--- Extracted records Enclosed Below ---
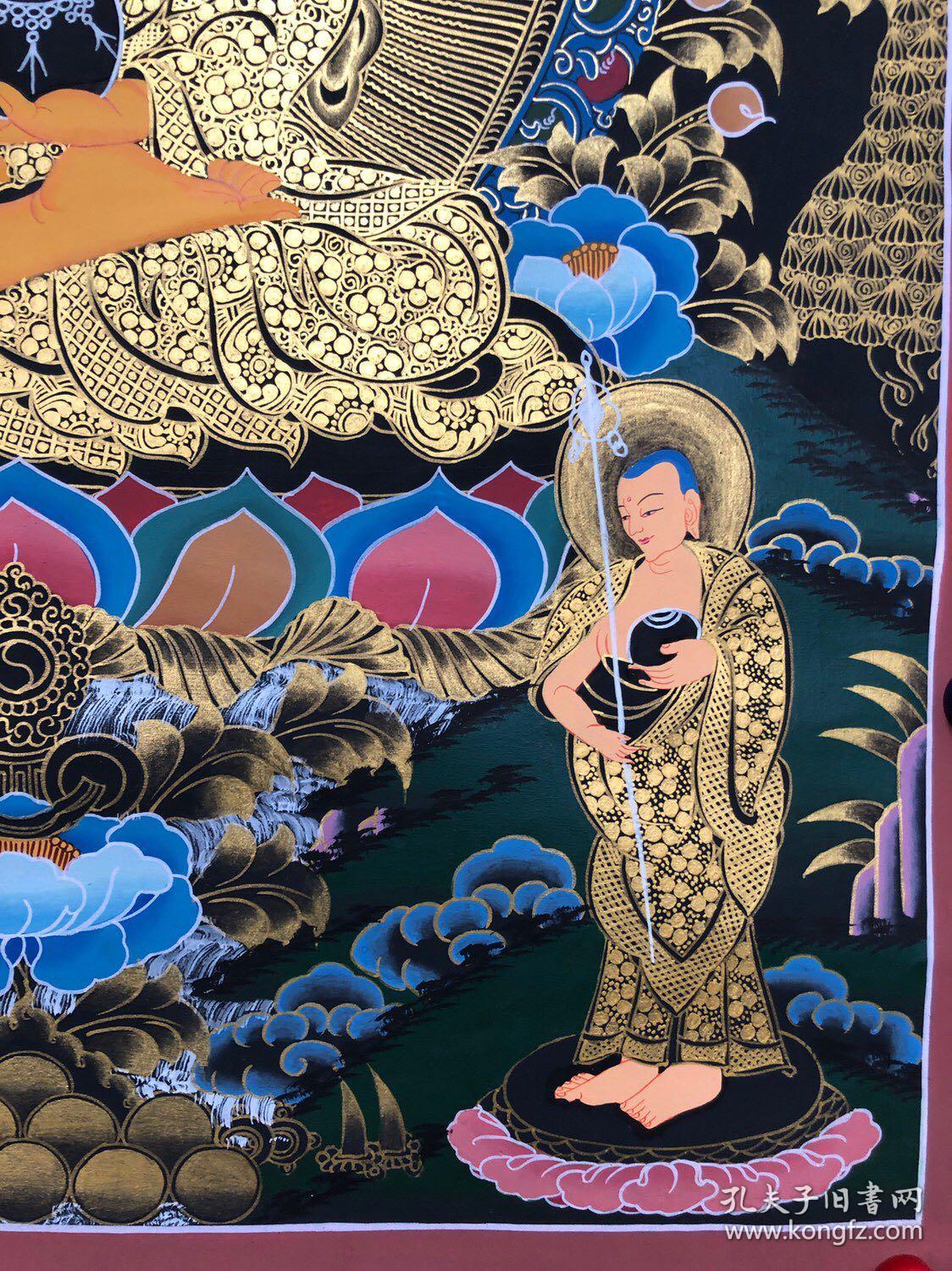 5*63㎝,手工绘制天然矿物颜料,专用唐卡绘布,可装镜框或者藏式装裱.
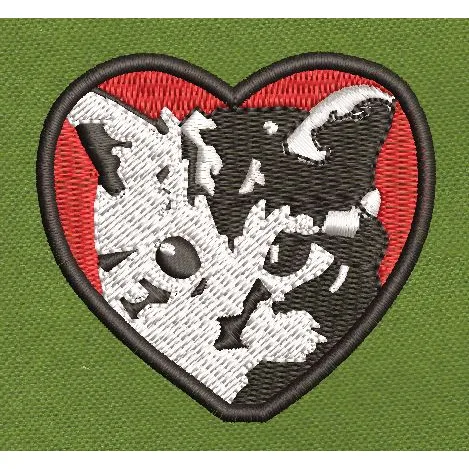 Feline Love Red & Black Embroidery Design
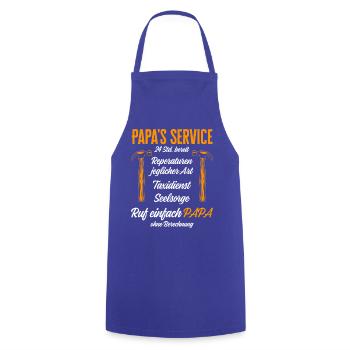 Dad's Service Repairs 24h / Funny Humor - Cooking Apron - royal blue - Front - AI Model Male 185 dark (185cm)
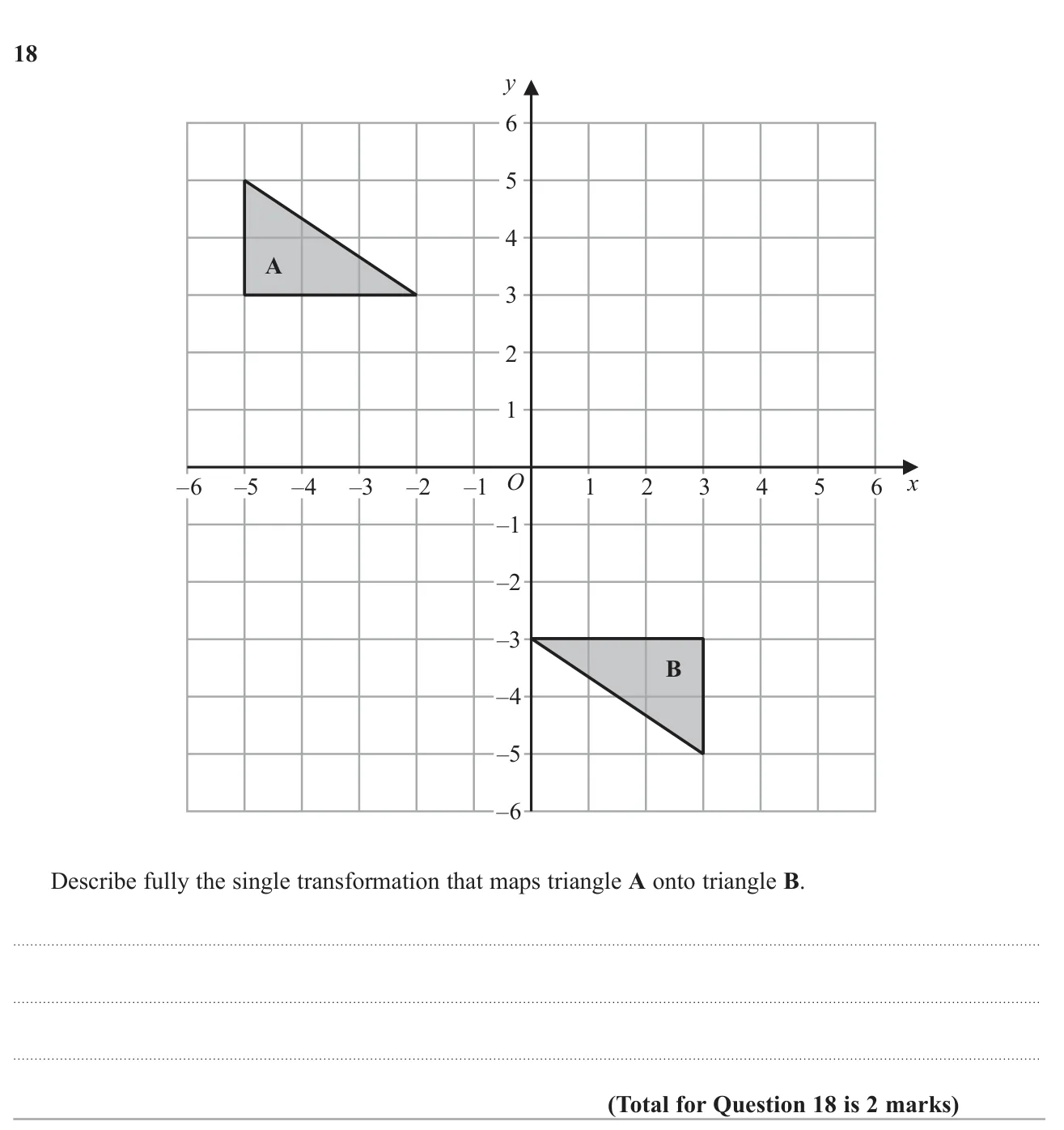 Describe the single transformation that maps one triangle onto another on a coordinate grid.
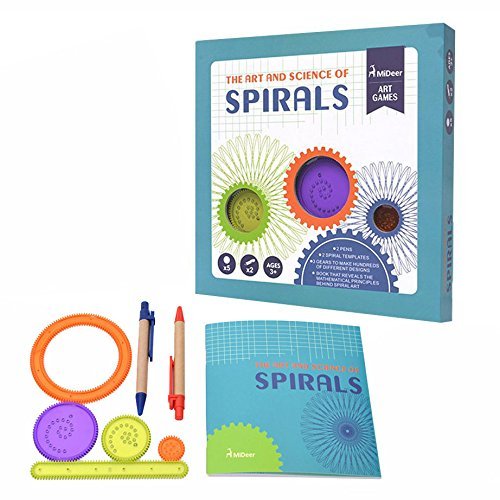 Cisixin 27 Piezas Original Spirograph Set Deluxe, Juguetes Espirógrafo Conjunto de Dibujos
--- End of Enclosed Extracted records ---
--- Extracted records Enclosed Below ---
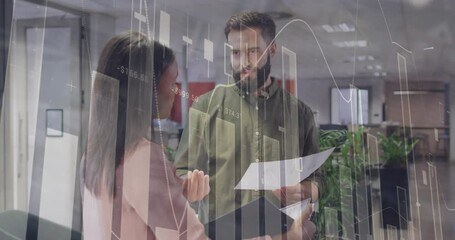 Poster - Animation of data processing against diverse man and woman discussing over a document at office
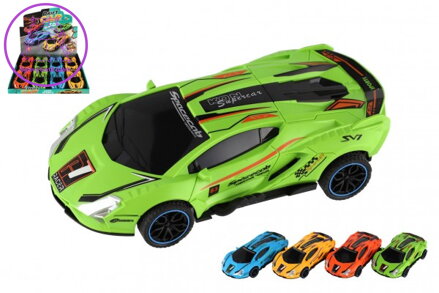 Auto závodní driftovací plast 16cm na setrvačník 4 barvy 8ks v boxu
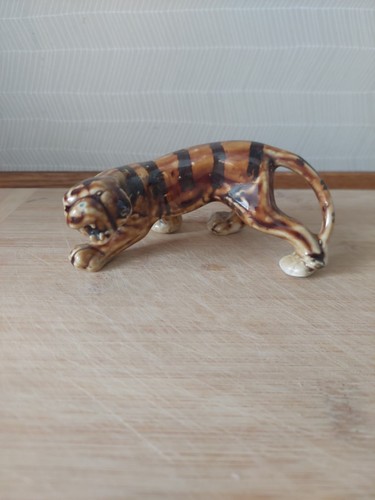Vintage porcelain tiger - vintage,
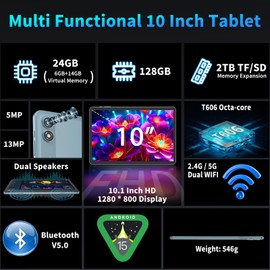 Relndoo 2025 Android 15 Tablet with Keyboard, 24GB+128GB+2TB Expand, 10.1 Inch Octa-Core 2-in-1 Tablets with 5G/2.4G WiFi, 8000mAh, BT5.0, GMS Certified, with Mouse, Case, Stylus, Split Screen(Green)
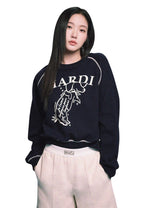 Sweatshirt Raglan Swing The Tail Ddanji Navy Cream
--- End of Enclosed Extracted records ---
In the listing above, find the line containing "Relndoo 2025 Android" and the line containing "Sweatshirt Raglan Swing". Print those two lines and every line between them exactly, with no pictures.

**Exercise solution**.
 Relndoo 2025 Android 15 Tablet with Keyboard, 24GB+128GB+2TB Expand, 10.1 Inch Octa-Core 2-in-1 Tablets with 5G/2.4G WiFi, 8000mAh, BT5.0, GMS Certified, with Mouse, Case, Stylus, Split Screen(Green)
 Sweatshirt Raglan Swing The Tail Ddanji Navy Cream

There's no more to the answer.